Le Topeak SmartGauge D2X disponible sur Amazon.fr constitue un exemple adapté à cet usage. Selon Topeak, il accepte les valves Presta et Schrader, affiche les valeurs en psi ou en bar, possède un bouton de dégonflage et une résolution annoncée de 0,1 psi. Sa fiche constructeur indique une masse de 56 g. Il s’agit ici d’une sélection sur caractéristiques publiées, pas d’un test réalisé par SysKB.

CaractéristiqueDonnée constructeurIntérêt pour le gravel
ValvesPresta et SchraderCompatible avec les montages vélo courants
Unitéspsi, bar et kg/cm²Évite les conversions approximatives
RéglageBouton de libération d’airPermet d’affiner sans retirer l’appareil
AffichageÉclairé et orientable à 360°Lecture plus simple autour de la roue
Poids publié56 gTransport possible dans une sacoche

Une mini-pompe reste indispensable pour remettre de l’air après une crevaison. Le guide SysKB sur les mini-compresseurs vélo rappelle cependant qu’un appareil de dépannage ne remplace pas toujours une pompe d’atelier pour monter un pneu tubeless.

Les erreurs qui faussent le réglage

  • Copier la pression d’un autre cycliste sans comparer poids, pneu, jante et terrain.
  • Utiliser uniquement la largeur imprimée au lieu de mesurer le pneu monté.
  • Confondre la pression maximale autorisée avec la pression recommandée.
  • Gonfler automatiquement l’avant et l’arrière à la même valeur.
  • Descendre la pression sans contrôler les chocs de jante ni la stabilité en virage.
  • Changer simultanément la pression, les pneus et le parcours, ce qui empêche d’identifier la cause d’une amélioration.

Sources techniques utilisées

Questions fréquentes

Quelle pression mettre dans des pneus gravel de 40 mm ?

Il n’existe pas de valeur fiable sans connaître le poids total, la largeur réellement mesurée, le terrain, la jante et le montage avec chambre ou tubeless. Utilise un calculateur SRAM ou SILCA comme point de départ, puis ajuste sans dépasser les limites des fabricants.
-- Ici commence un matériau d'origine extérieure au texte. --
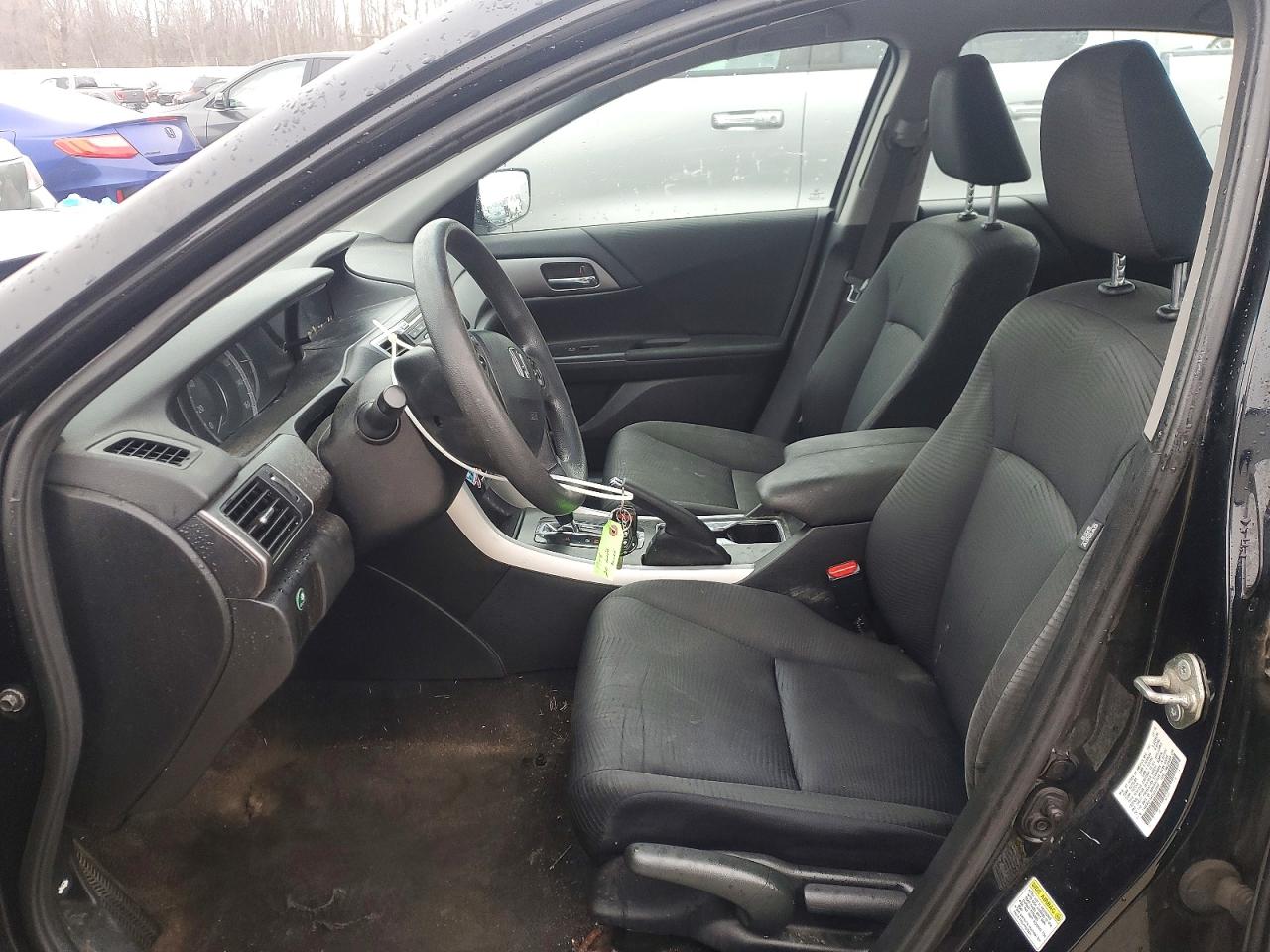 2015 HONDA ACCORD LX photo 19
Faut-il mettre la même pression devant et derrière ?

Pas automatiquement. La charge est souvent plus importante sur la roue arrière, mais les bagages et la position peuvent modifier cette répartition. Les calculateurs sérieux proposent donc deux valeurs distinctes.
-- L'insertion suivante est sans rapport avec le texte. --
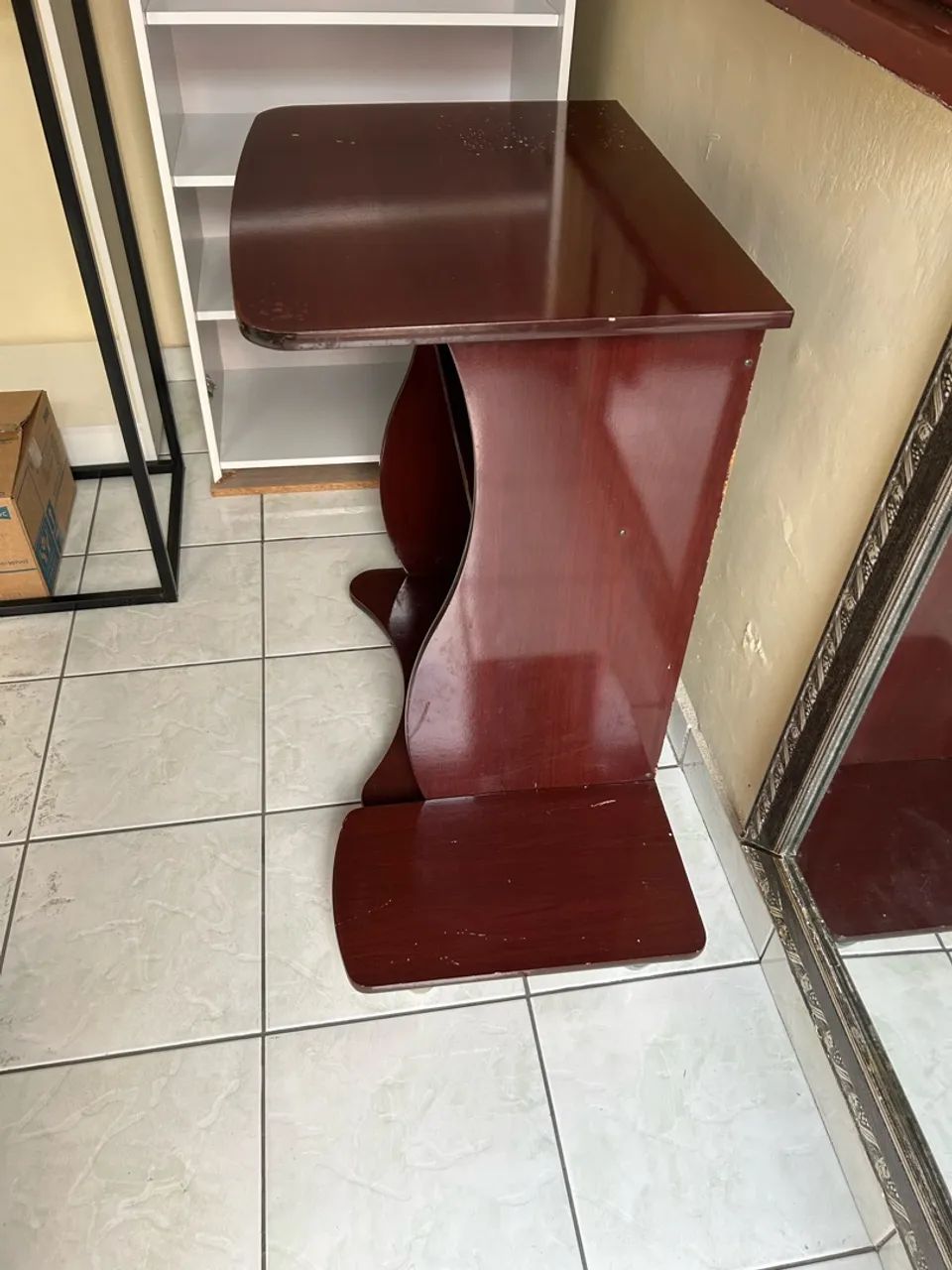 Mesa de Computador/Escrivaninha Compacta Mogno - Foto 3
Le tubeless permet-il de rouler moins gonflé ?

Généralement oui, car il supprime le risque de pincer une chambre à air. Une pression excessivement basse peut néanmoins provoquer un talonnage, une perte de stabilité ou des dommages au pneu et à la jante.

La pression maximale inscrite sur le pneu est-elle la bonne pression ?

Non. C’est une limite à ne pas dépasser, pas une cible de réglage. Il faut aussi respecter la limite de la jante et retenir la plus restrictive des deux.

Quand faut-il contrôler la pression de ses pneus gravel ?

Contrôle-la avant les sorties importantes et dès que le comportement change. Schwalbe recommande au minimum une vérification mensuelle au manomètre, mais un montage tubeless peut nécessiter des contrôles plus rapprochés selon son étanchéité.